Drawing Pretty Pictures of Broken Pots

The single most ubiquitous artifact type for archaeologists working on most time periods is ceramics. The wonders of chemistry and physics have resulted in a materiel that once produced is nigh well indestructible. Ceramics can be used to produce all sorts of different objects from electrical insulators to building materials like roof tiles and pipes, but the form we find most frequently is pottery. Pottery vessels are used for carrying liquids, storing dry goods, cooking, even as burial repositories. And they break with astounding frequency, and thousands of years later, the pieces are still around, sometimes even in the exact same condition they were the day the pot was dropped. Archaeologists rarely find intact pots – unless we’re excavating tombs, when people would intentionally place whole pots, perhaps filled with some sort of mortuary offerings or with the remains of a funeral feast, with the body of the deceased. But most of the time what we find are sherds… the detritus of pots broken during daily use or after they were discarded for other reasons.

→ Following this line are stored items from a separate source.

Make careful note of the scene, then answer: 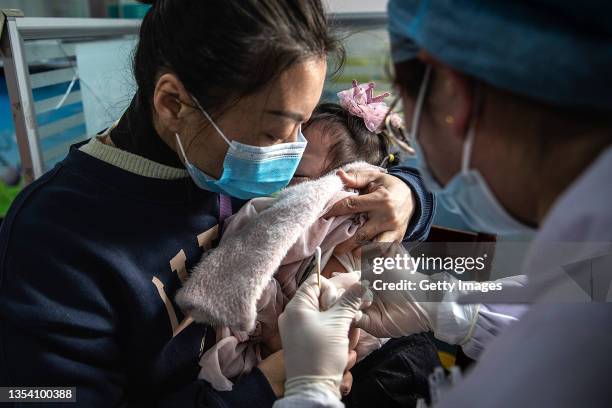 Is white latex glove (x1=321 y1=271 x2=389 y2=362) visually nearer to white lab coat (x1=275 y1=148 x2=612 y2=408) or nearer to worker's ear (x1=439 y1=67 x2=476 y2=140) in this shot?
white lab coat (x1=275 y1=148 x2=612 y2=408)

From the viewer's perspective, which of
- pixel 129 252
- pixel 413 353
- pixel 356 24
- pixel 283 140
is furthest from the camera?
pixel 356 24

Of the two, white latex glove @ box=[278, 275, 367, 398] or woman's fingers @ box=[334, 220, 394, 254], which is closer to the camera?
white latex glove @ box=[278, 275, 367, 398]

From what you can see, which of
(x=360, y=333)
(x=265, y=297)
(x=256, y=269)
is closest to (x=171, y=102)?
(x=256, y=269)

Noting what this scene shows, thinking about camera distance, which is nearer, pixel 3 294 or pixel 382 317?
pixel 3 294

Now the uses of pottery to archaeologists can’t begin to be overstated. Pots can allow us to study social organization, political developments, economic strategies, exchange of ideas, movement of populations, and any number of other topics. Because of the ways in which new styles are adopted, developed, discarded and replaced, pottery can be used for establishing relative, or even absolute, dates. A lot of these things though, require us to know what the pots looked like, not just cataloging the dirty sherds that come out of the ground. So, what does an archaeologist do with all these thousands of pot sherds?!

Well, first we wash them! But after that, we count them and we record them. Recording a pot sherd usually just involves determining what kind of clay it was made from and how it was finished and fired – different wares are made of different clays, that are treated in different fashions – think of the difference between fine china and earthenware. However, if a sherd has some sort of decoration, or if its part of a pot that is recognizable, we call it “diagnostic.” This is sort of like being a symptom that lets you diagnose the disease. Well, a diagnostic sherd lets us diagnose something about the pot – what shape the pot was, what kind of decoration it had, or maybe whether it was made a special way.

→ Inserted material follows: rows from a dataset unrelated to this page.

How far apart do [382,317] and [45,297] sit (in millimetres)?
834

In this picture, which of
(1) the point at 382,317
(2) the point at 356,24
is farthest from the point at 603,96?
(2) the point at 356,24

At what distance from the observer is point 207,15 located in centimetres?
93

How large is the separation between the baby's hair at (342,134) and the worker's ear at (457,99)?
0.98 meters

Diagnostic sherds receive special treatment. We carefully measure them, record details about the fabric (the clay and other materials the pot was made from), the finish (firing methods, burnishing, slips, glazes, painted, inciside, or relief decoration, etc.), and what part of the vessel they were. Sometimes from all of this information we’re ale to tell exactly what kind of pot the sherd came from! And then the sherds are drawn and photographed. As a pottery analyst, drawing pottery is a skill I had to learn, and trust me, I have no innate artistic talent! I’ve been doing it for long enough now that my drawings are acceptable, but there are many (if not most) archaeological illustrators out there who put my drawings to shame. Still, I do all right, and I thought I’d give you guys a little look at how I spend some of my days…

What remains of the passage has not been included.